**PROMPT**
In the material below, some lines carry "Lincoln". Copy each such line.

※ ※ ※

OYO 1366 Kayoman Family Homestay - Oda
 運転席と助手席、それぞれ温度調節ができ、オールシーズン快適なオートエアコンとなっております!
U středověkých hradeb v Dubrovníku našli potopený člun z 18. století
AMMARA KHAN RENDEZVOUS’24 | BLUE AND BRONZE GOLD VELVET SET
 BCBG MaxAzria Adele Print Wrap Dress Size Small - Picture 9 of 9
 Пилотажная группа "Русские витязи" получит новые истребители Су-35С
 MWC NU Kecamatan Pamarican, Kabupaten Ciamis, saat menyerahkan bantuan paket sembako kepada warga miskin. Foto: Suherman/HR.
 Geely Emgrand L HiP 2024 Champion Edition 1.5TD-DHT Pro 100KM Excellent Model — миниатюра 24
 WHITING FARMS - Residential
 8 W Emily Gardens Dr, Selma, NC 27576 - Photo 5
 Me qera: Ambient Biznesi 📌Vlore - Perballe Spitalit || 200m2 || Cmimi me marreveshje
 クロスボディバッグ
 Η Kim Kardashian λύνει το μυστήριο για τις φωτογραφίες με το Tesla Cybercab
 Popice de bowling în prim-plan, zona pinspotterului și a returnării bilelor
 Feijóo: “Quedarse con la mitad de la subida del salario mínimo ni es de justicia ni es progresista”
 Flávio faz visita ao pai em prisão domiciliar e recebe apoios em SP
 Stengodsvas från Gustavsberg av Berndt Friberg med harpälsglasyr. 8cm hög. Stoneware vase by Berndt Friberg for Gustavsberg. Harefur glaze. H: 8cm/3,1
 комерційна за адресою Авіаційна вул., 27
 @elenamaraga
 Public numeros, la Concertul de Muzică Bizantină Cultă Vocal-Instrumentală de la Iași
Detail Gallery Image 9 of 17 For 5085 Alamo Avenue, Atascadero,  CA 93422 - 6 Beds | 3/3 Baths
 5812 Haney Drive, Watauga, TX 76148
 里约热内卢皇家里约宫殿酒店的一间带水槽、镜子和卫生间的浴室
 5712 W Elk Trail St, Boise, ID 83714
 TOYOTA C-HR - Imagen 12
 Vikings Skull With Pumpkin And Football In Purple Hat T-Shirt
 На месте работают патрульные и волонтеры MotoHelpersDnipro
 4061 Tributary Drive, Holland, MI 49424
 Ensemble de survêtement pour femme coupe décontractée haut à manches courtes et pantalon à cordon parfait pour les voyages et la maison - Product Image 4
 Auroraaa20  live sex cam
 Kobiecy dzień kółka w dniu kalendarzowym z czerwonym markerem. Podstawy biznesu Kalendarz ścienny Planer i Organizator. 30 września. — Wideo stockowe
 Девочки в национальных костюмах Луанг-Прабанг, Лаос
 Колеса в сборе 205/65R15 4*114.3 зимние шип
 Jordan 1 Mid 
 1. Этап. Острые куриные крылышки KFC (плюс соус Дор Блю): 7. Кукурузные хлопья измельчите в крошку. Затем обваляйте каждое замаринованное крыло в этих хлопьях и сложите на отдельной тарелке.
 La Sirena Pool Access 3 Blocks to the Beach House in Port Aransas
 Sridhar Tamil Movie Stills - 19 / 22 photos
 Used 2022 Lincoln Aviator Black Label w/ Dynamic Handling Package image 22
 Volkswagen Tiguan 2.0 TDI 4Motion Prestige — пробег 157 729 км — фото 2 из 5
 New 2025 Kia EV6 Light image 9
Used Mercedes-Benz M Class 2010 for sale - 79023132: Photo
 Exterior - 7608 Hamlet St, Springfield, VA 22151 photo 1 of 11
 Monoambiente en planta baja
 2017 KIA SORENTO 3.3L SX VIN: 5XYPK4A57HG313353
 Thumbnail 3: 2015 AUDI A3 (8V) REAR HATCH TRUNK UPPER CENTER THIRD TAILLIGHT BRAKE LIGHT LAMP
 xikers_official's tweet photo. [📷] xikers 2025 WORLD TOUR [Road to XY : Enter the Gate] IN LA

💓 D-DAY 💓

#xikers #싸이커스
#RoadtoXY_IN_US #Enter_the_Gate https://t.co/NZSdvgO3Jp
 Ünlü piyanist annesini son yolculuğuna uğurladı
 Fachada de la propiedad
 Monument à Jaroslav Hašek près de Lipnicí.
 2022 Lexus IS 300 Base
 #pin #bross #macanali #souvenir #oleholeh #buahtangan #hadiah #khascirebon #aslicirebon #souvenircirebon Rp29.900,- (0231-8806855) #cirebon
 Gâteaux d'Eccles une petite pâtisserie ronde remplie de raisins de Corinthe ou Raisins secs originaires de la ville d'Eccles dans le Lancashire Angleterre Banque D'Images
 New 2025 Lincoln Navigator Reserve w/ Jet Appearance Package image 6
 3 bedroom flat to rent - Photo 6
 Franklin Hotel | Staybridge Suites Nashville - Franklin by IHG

※ ※ ※

**RESPONSE TO THIS EXERCISE**
 Used 2022 Lincoln Aviator Black Label w/ Dynamic Handling Package image 22
 New 2025 Lincoln Navigator Reserve w/ Jet Appearance Package image 6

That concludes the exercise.